As I explored the data, I discovered more questions that the data raised. I filtered the data to focus in on questions of interest to me. First, I selected the variables I thought would be of most interest, and extracted those columns from the data into a new dataset. I then looked at the rows with NAs, nulls, or unknowns; counted them; and determined that there were few enough that I could remove them without damaging the dataset. I subsetted the data again, removing those 43 cases, and creating a new, “cleaner” dataset.
As I constructed visualizations, I developed a few more questions, which led me to clean the data some more. In particular, I needed to clean the data to work with the injured-citizen data. The CIT_INJURE column was a boolean, which enabled me to easily filter out the injured citizens into a new dataset by simply selecting the cases where the column was “TRUE.” Determining what type of injuries were most common required counting the incidents in the CitCondTyp column (in the new dataset of injured citizens), and then plotting the most common injuries.
The visualizations revealed that in 2019 use of force incidents, the majority of the police involved were white and male. The majority of citizens against whom force was used were black and male. Police used force more often against black females than against white females, but far more often against black males than black females. That plot also indicated that police used force against white males more often than against black females. After a speaker at the Town Hall event discussed how she had not had unpleasant interactions with police until she had sons, I was interested in seeing the relationship between race and sex. This data does show that black men are more likely to be involved in use of force incidents. Not surprisingly, given that more white officers used force in general, the race of the officers who most often used force against black citizens was white. Black officers also used force more often against black citizens than against white citizens.
Most uses of force did not result in injury. Blacks were most common among those injured. Blacks were most common among those not injured as well. This is a function of most uses of force being against black people in 2019. Most injuries appeared to be relatively minor (abrasions, bruises), though there was no variable indicating whether or not the citizen was hospitalized. (There was a variable indicating whether or not the officer was hospitalized.) Six citizens were shot in a use of force incident in 2019 in Dallas. The bar plot of those injuries reveals they were all black males. Another bar plot showed that all of the officers involved were male; three were white, one black, one asian, and one hispanic. Black men were also more likely to suffer from taser burns, and white officers were most likely to do the tasing.
The barplot of hire dates of the officers involved in uses of force does not reveal anything particularly interesting. I hoped it would show something about the experience level of the officers, but they seem fairly distributed between recent and earlier hires. Adding the fill of race, however, does raise more questions, especially about the earlier hires who were predominantly white.
While this data provided a great deal of interesting information, it left a large number of questions unanswered.
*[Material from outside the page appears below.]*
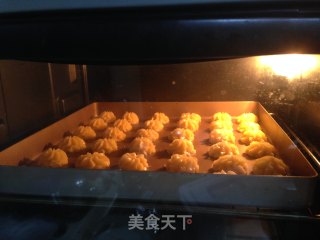 #the 4th Baking Contest and is Love to Eat Festival#milk Fragrant Cookies recipe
What is the demographic breakdown of the Dallas police department in general, and of the Dallas population in general? For example, are the officers involved in use of force incidents proportional to the police department population, or are white male police officers more likely to be involved in use of force incidents. Similarly, how does the population of citizens against whom force is used compare with the population in general? If we knew that information, we would have a better idea if black men are disproportionately faced with police force.